Input material START

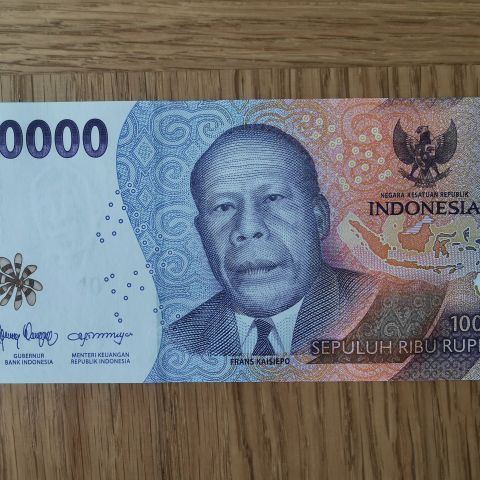 Indonesia 10 000 rupiah, 2022, UNC
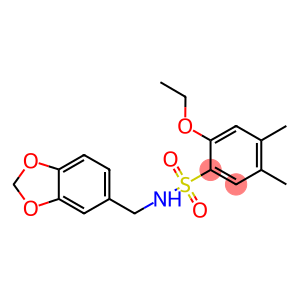 N-(1,3-benzodioxol-5-ylmethyl)-2-ethoxy-4,5-dimethylbenzenesulfonamide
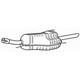 Rear Exhaust Silencer Back Box for Vauxhall Astra Dual Fuel 1.6 (2003-2004)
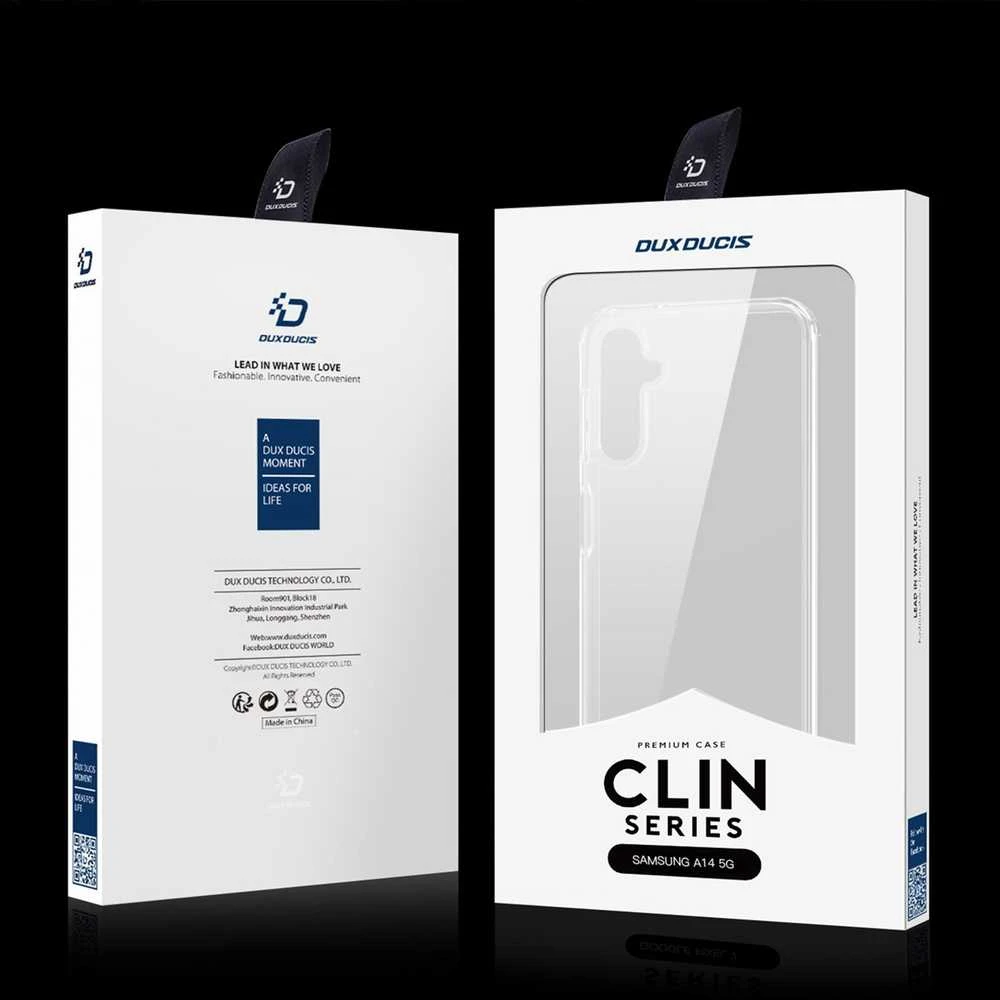 Dėklas Dux Ducis Clin Samsung A145 A14 4G/A146 A14 5G skaidrus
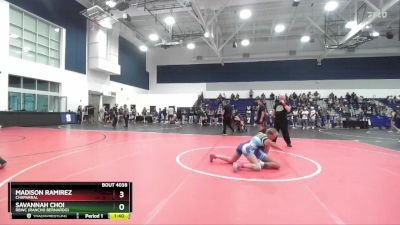 110 lbs Round 1 - Savannah Choi, RBWC (Rancho Bernardo) vs Madison Ramirez, Chaparral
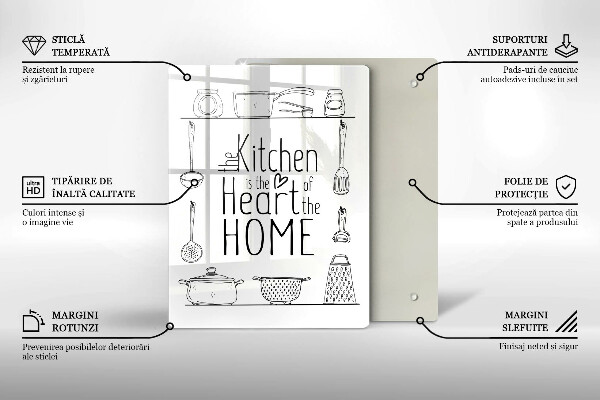 Deska kuchenna Napis, sentencja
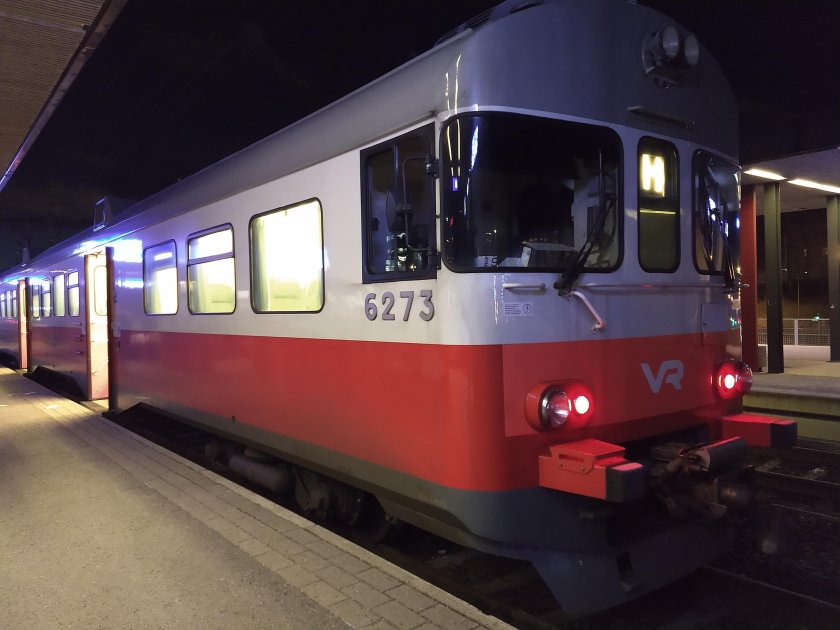 Электрички в Финляндии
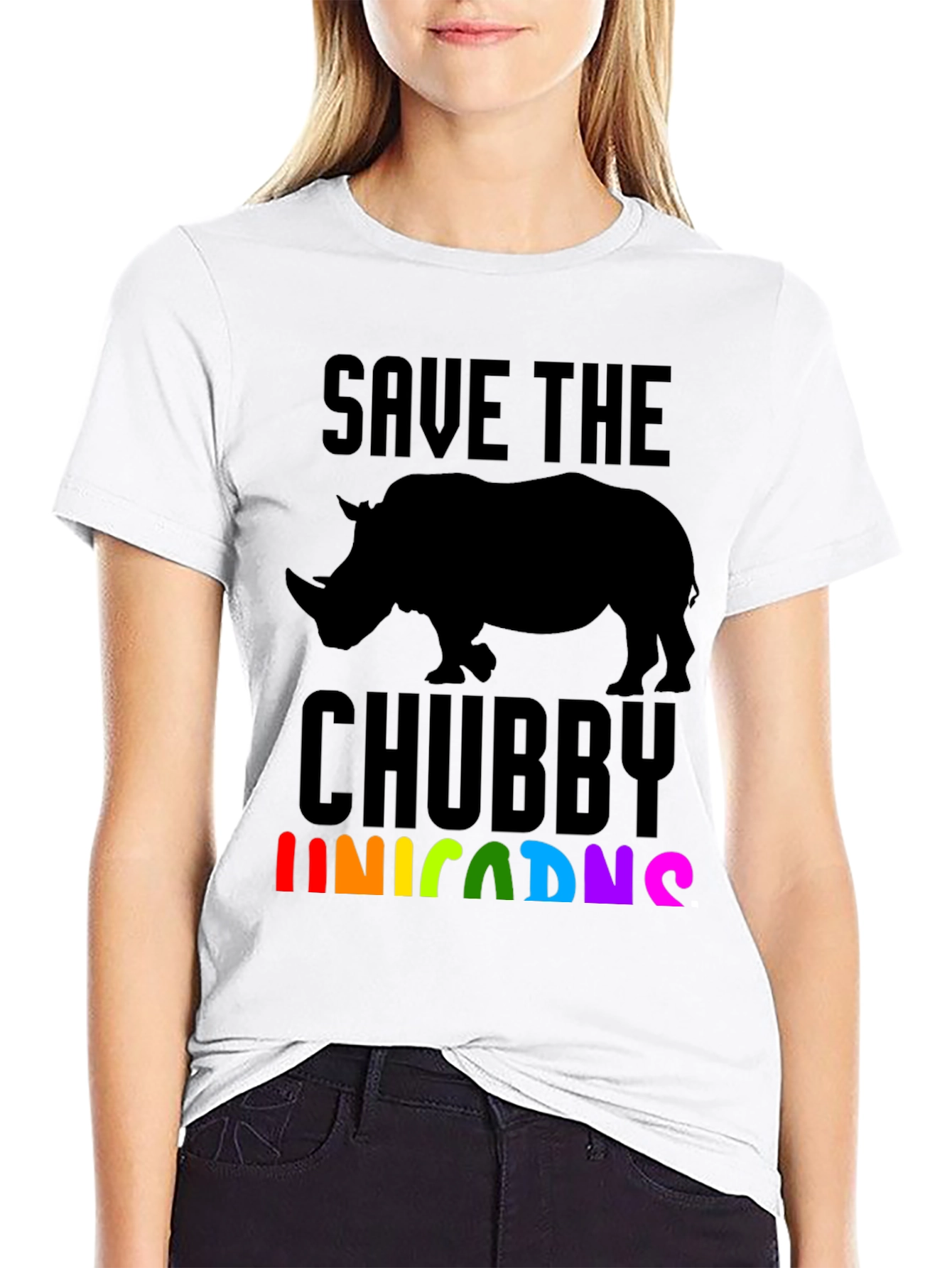 Save the Chubby Unicorns Rhino T-Shirt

Input material END

Leave the pictures aside and print exactly, and only, the lines from the one with "Электрички в Финляндии" through the end of the data, both included.

 Электрички в Финляндии
 Save the Chubby Unicorns Rhino T-Shirt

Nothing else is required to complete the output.